Thousands of albatrosses die needlessly every year as the victims of longling fishing. They are attracted to the baited hooks, get caught and are dragged under the water and drown.
Fishermen are often unaware of the simple, cost effective techniques that when used rapidly reduce albatross deaths.
In 2005, along with a number of our BirdLife International partners, the Albatross Task Force was formed. These men and women are the world's first international team of skilled, at-sea instructors.
Since their formation, there have been a dramatic reduction in the numbers of albatross and other seabirds killed. This is a sure sign that Albatross Task Force members really are getting something practical done to help save albatrosses from extinction.
This blog follows the trials and tribulations of the Albatross Task Force as they work onshore and at sea, spreading the message about these life-saving techniques.
I just got back from a trip on a South African longliner that targets swordfish and tuna. The trip was two and a half weeks long and took place off the west coast of South Africa.
Five albatrosses were accidentally caught on the longline. Four of them were dead, as they were caught while the vessel was putting out the baited line and will have drowned as the hooks sank.
The other was an Atlantic yellow-nosed albatross that was hooked in his wing during the hauling in of the line and this one was released alive. We also caught and released a leatherback turtle and a female Cape fur seal.
We tried two different Tori lines (streamers) and together with the crew came up with some ideas of how to reduce the bird catch, especially on the full moon nights (the period when all the dead birds were caught).
We also looked at how to prevent the Tori from getting entangled with the longline, which is the main problem for these fishermen. Two of the birds were caught the same day the Tori broke (only a couple of hours later), which shows how effective these streamers can be.
The crew was very helpful and I even appointed the Chief Engineer as a 'Bird Officer'! He will keep me informed on the bird bycatch on their next trips and bring me samples of any albatross that are accidentally caught.
I hope that now the crew has some new ideas and techniques, future trips will not catch so many albatrosses.

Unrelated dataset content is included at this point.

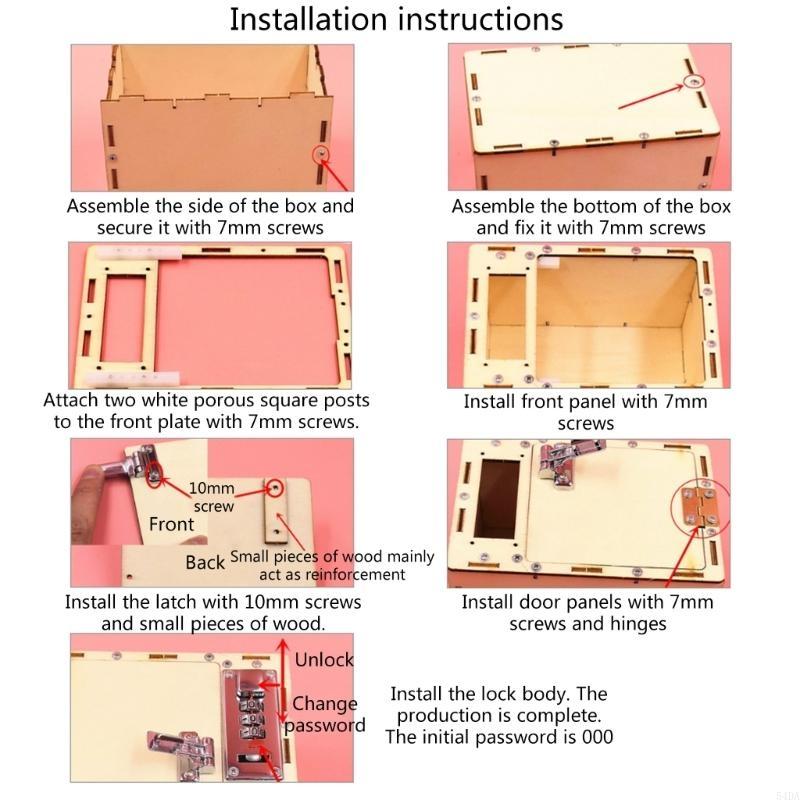 Science Project Toys Making - 54DA DIY 金庫作成キット子供のための科学プロジェクト小学校および中学校木造建築おもちゃ Cryptex ステムキット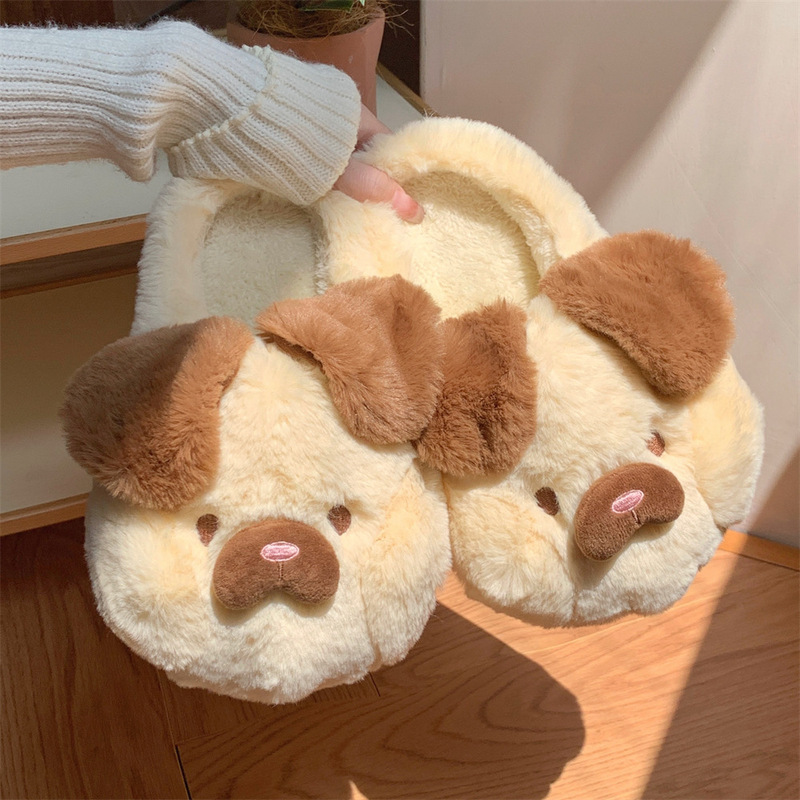 少女の心のかわいい子犬の室内の保温と綿のスリッパの女性の冬の韓国版のファッションは糞感の柔らかい底の月子の靴を踏みます。|undefined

We have 75 confirmed attendees for the hake longline workshop this week, which includes boat owners, skippers, crew and representatives from Marine and Coastal Management. I’m looking forward to building a relationship with this group.
Currently, this type of longline sinks very slowly, and the workshop will present a number of options for increasing the speed the bait sinks beyond the reach of albatrosses, without impacting on the number of hake fish caught. There is a delicate balance to be struck here, and this is why it is so important to work with the fisheries, to be certain that we understand their needs, as they understand ours.
I’ve also been running a series of workshops for scientific observers. These much-needed observers will spend time at-sea, collecting data from fisheries and recording bycatch. A high percentage of bycatch around the world goes unrecorded, and scientists therefore use the best available data from observers and fleets that do report, to estimate the world’s total seabird bycatch. More observer data will therefore enable scientists to estimate bycatch more accurately in the future.
So, that’s my latest - and I even found time for a quick trip to Namibia, where fishermen are interested in learning more about albatross-friendly techniques. Never a dull moment!
I'm out at sea on a tuna longliner, where we will test streamer lines and different ways to get the lines and bait to sink faster, beyond the reach of the albatrosses.
I'll also be monitoring and counting which types of seabirds are following the boat as they fish.